Goal of the exercise => Print every entry below again exactly as written, skipping the pictures.

Recorded information =>
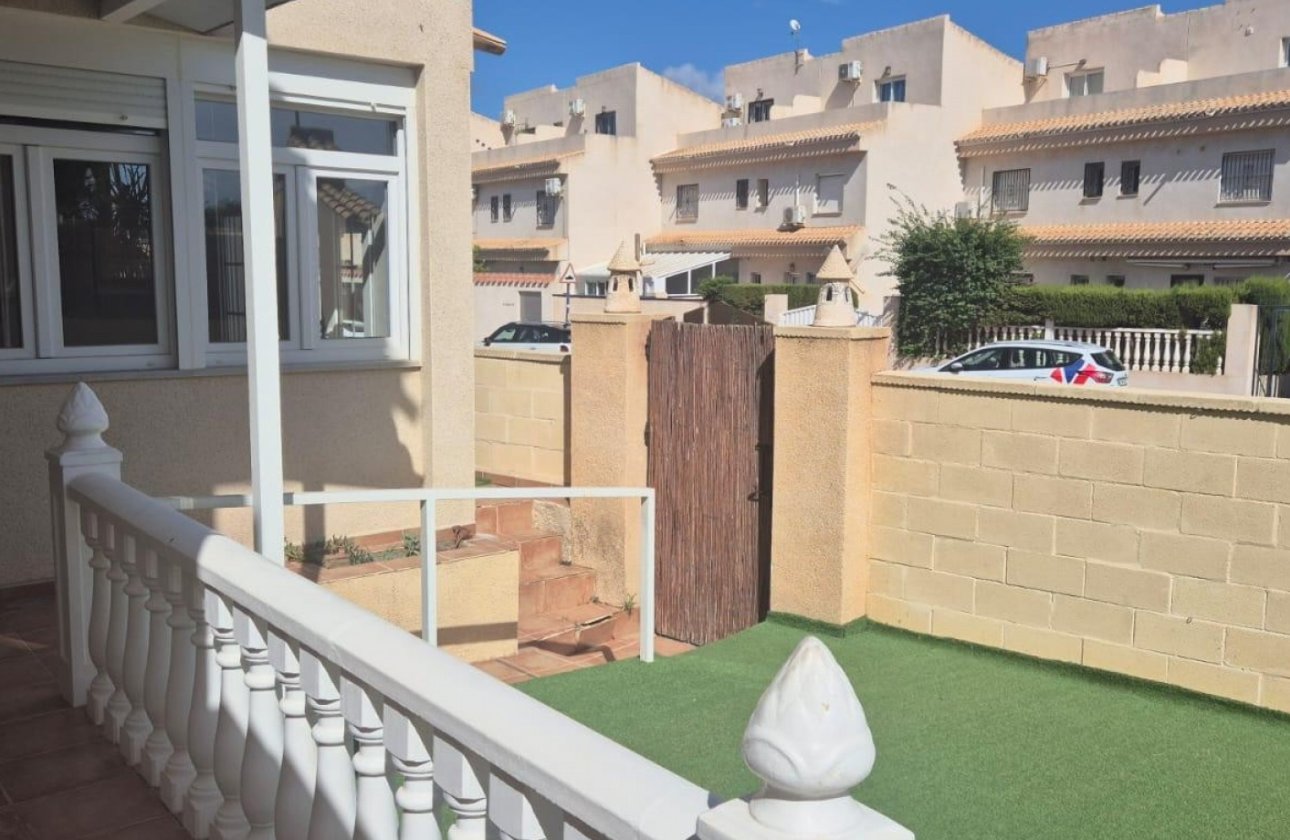 Herverkoop - Town House -
Orihuela Costa - Costa Blanca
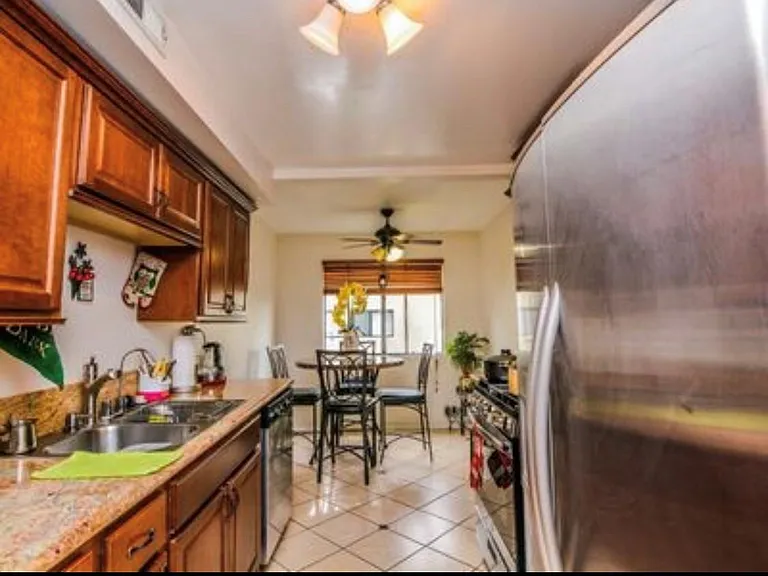 13825 Beaver St #32 — Photo 6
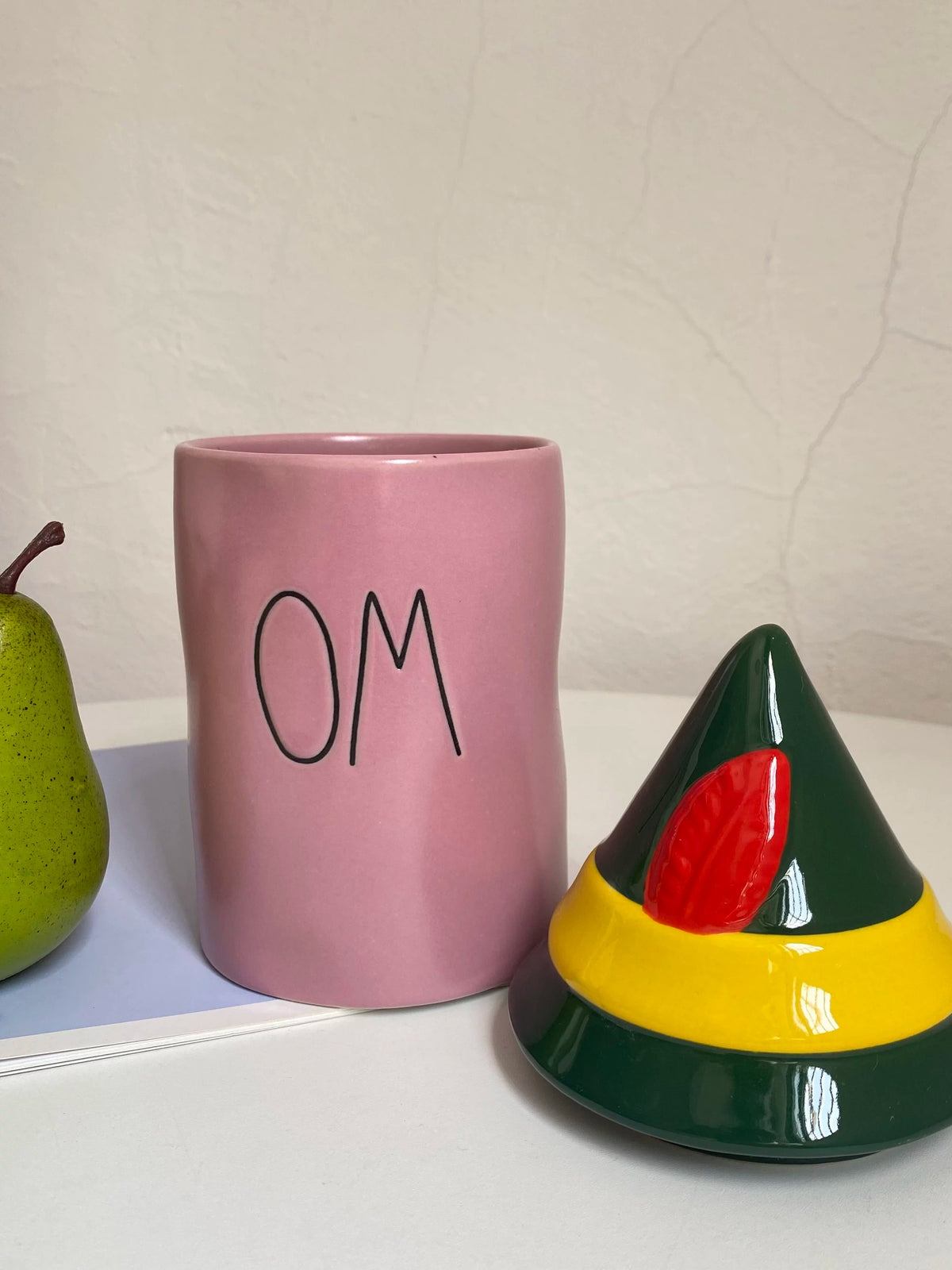 Pink Ceramic Storage Jar with Green Lid, Kitchen Pantry Canister - detail 3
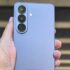 Motorola se burla de Apple y revela plegable "pasaporte" tras el lanzamiento del iPhone Duo
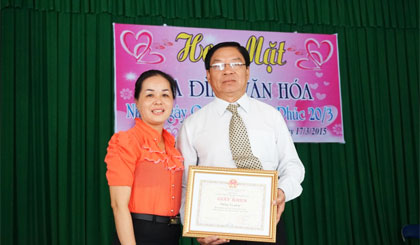 Gia đình anh Nguyễn Thành Tựu - chị Nguyễn Thị Diệu đoạt giải Nhất  hội thi “Bữa ăn gia đình ngày chủ nhật” tại huyện Chợ Gạo.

Answer to this exercise =>
 Herverkoop - Town House -
Orihuela Costa - Costa Blanca
 13825 Beaver St #32 — Photo 6
 Pink Ceramic Storage Jar with Green Lid, Kitchen Pantry Canister - detail 3
 Motorola se burla de Apple y revela plegable "pasaporte" tras el lanzamiento del iPhone Duo
 Gia đình anh Nguyễn Thành Tựu - chị Nguyễn Thị Diệu đoạt giải Nhất  hội thi “Bữa ăn gia đình ngày chủ nhật” tại huyện Chợ Gạo.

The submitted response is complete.